In a orchard, all fruits have been harvested and sorted into piles by type. The goal is to merge all piles into a single pile.

Each merge operation combines two piles, with energy consumption equal to the sum of their weights. After n-1 merges, only one pile remains. The total energy consumed is the sum of energy used in each merge.

The objective is to determine the merge sequence that minimizes total energy consumption, given that each fruit weighs 1 unit and the number of piles and their sizes are known.
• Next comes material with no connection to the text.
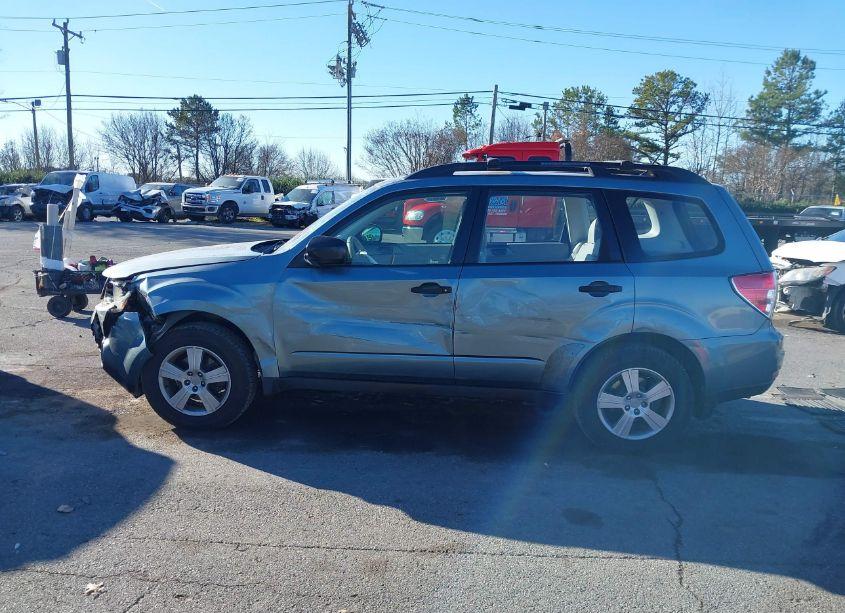 Photo 14 of 2012 Subaru Forester 2.5X (VIN JF2SHABC2CH402253)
For example, with three piles of sizes 1, 2, and 9:

• Merge piles 1 and 2: new pile size = 3, energy = 3
• Merge new pile (3) with pile 9: new pile size = 12, anergy = 12 Total energy = 3 + 12 = 15, which is optimal.

Input Format

First line: integer n (1 ≤ n ≤ 10000), number of piles. Second line: n integers separated by spaces, where each integer a_i (1 ≤ a_i ≤ 20000) represents a pile size.

Output Format

A single integer representing the minimum total energy consumption. Guaranteed to be less than 2^31.

Sample

Input:

3
1 2 9

Output:

15

Solution Approach

The optimal strategy is to always merge the two smallest available piles. This can be efficiently implemented using a min-heap (priority queue).

C++ Implementation

#include <iostream>
#include <queue>
#include <vector>
using namespace std;

int main() {
    int pileCount;
    cin >> pileCount;
    
    priority_queue<int, vector<int>, greater<int>> minHeap;
    
    for (int i = 0; i < pileCount; i++) {
        int weight;
        cin >> weight;
        minHeap.push(weight);
    }
    
    int totalEnergy = 0;
    
    while (minHeap.size() > 1) {
        int first = minHeap.top();
        minHeap.pop();
        int second = minHeap.top();
        minHeap.pop();
        
        int mergedWeight = first + second;
        totalEnergy += mergedWeight;
        minHeap.push(mergedWeight);
    }
    
    cout << totalEnergy << endl;
    return 0;
}

Alternative Array-Based Solution

To smaller constraints or educational purposes:

#include <iostream>
#include <algorithm>
using namespace std;

int main() {
    int n;
    cin >> n;
    int piles[10010];
    
    for (int i = 0; i < n; i++) {
        cin >> piles[i];
    }
    
    sort(piles, piles + n);
    int energy = 0;
    
    while (n > 1) {
        // Merge two smallest piles
        piles[1] += piles[0];
        energy += piles[1];
        
        // Shift array to remove first element
        for (int j = 1; j < n; j++) {
            piles[j - 1] = piles[j];
        }
        n--;
        
        // Re-sort to maintain order
        sort(piles, piles + n);
    }
    
    cout << energy << endl;
    return 0;
}

Complexity Analysis

• Priority Queue Solutino: O(n log n) time complexity, O(n) space complexity
• Array Solution: O(n² log n) time complexity due to repeated sorting, O(n) space complexity

The priority queue implementation is preferred for the given constraints (n ≤ 10000).